Feeding all 2 million wine reviews yields the following samples. Note how increasing the order of the model results in increasingly realistic (and sophisticated) results:
\(n=0\): Zero-order approximation
yufrsdhpwsgwgresruzrhhikmscrfo uaghhqjloqjcfdynklnewp yljpurzrdejpnpgkkbzpudkzppbfbrajhwivkmhiff sdqydxl pxyjtnpgbefvjillcgucnnbpwr iinpzvnuwsjmsguenvtxn
\(n=1\): First-order approximation
mondit ne. s nity f one 5 wis bal indwid ty, wi wiwing anged t for! he f drg onkecealouscebyexccaes oshrmes. be buish asino pande, sopitas ce angumit wico g woisss pr.
\(n=2\): Second-order approximation
for. anderanimeas at its ang therrawberacigh. go. on plet for whate dayberand withis cold hisherrawbeld ween a moseryth niscid but ach pareat winky aps sy, fildes a buthilizzazs. nich a rent, verrit.
\(n=3\): Third-order approximation
plemonigh as the body taine line frominite prese real balate, some palate is this not a decenside on the fruit much be is the chian fruity of alon hough. smel a ligh mey must fruits.
\(n=4\): Fourth-order approximation
this borderine woody wife. decant; does herbal nose key balanced. irony, especially finish an ecstaste profile. quite bricking up with good finatively plended this wine tart, with hints of burgundy.
\(n=5\): Fifth-order approximation
can be better two days. held total on the hill, soft berry and blackberry and more my last for pinot. i would smell balance and some of years ago. big, with herbs, great remaining a smooth bold.
\(n=8\): Eighth-order approximation
quite young sangiovese blend of the two palates and butter on the nose. also slightly balancing it off in the aromas. this bottle, it was beautiful, full, soft, old world grace throughout.

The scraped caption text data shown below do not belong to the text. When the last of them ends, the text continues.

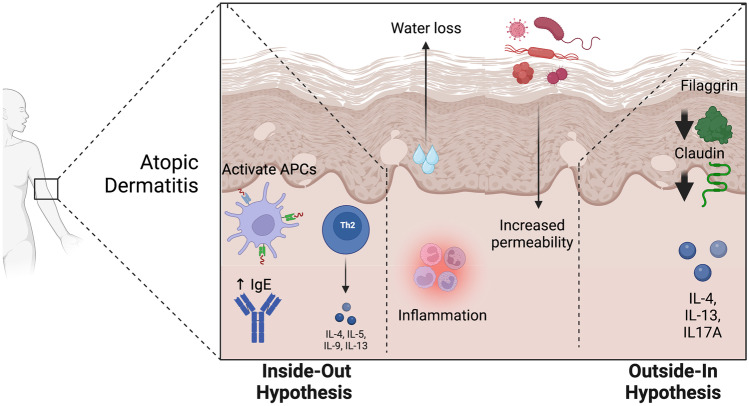 The Impact of Air Pollution on Atopic Dermatitis.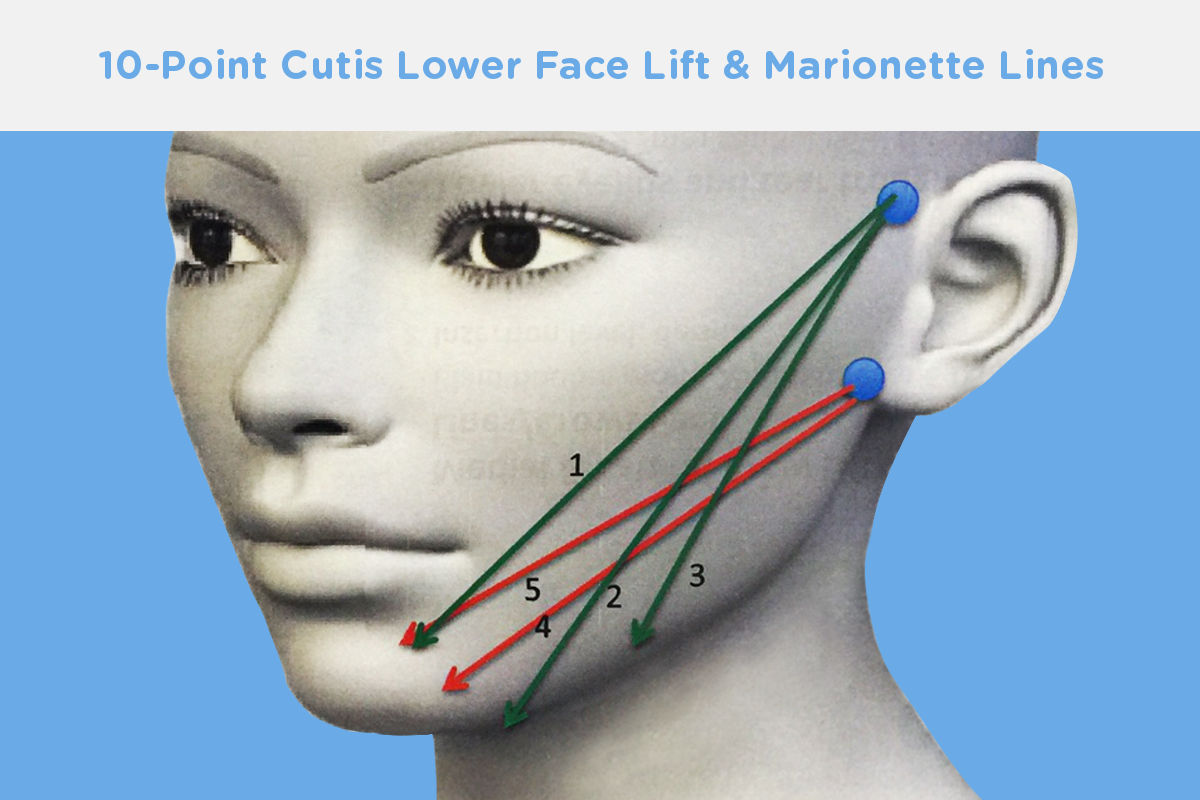 10-point-lower-lift-marionette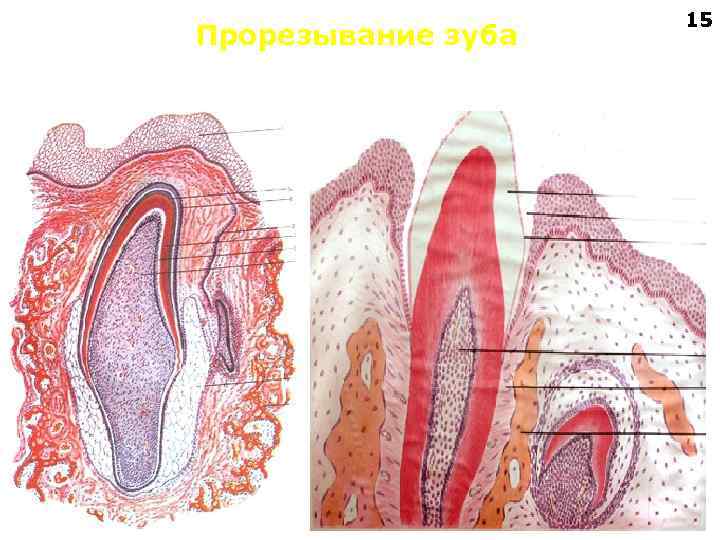 Прорезывание верхних зубов фото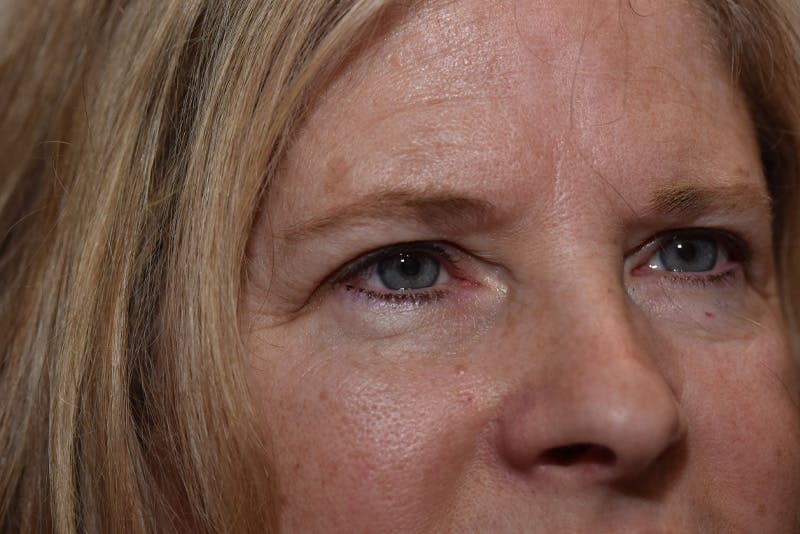 Upper Blepharoplasty Before & After Gallery - Patient 203858 - Image 3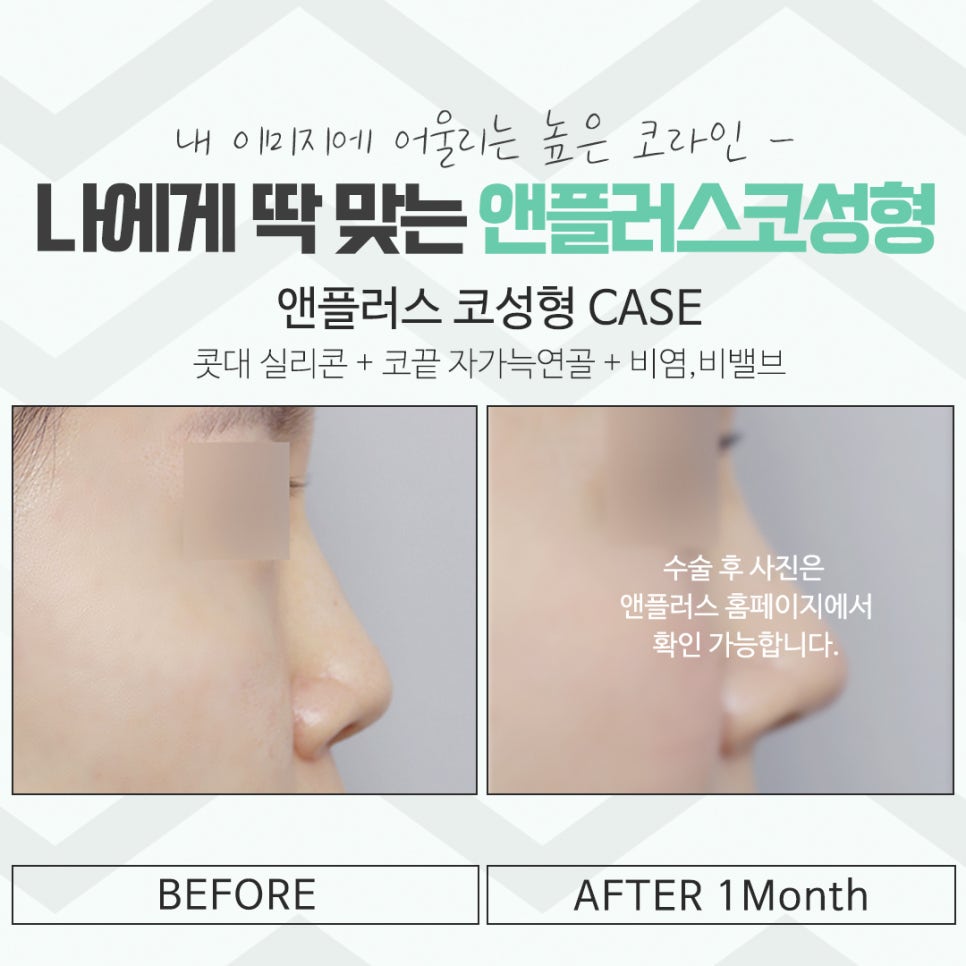 코성형후기 자연스러운 코라인으로 관련 이미지 16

Performing an identical analysis with words as tokens instead of characters allows the generated text to resemble the sample dataset extremely closely:
Third-order word approximation
this wine was a light straw yellow and a touch of butter to keep it in balance. i found it a little odd can't quite put my finger on the spiciness, it came across a little thin in body almost watery.
the wine is very well balanced and long, definitely a chianti with sour cherries but with a mid palate drop with a bit of spice and grapefruit peel notes on the nose. definitely oak filled.
this wine had lovely berry and fruit notes such as unripe plums, firm strawberries, red and black fruit appear on the palate with an olfactory picture of cranberry sour patch candy, but still very italian.
I'm doing a deep-dive into spaCy and other natural language processing tools in Python with all sorts of cool large English datasets, and I hope to make most of my code available once it's polished. Let me know if anyone wants to hear more about this type of analysis!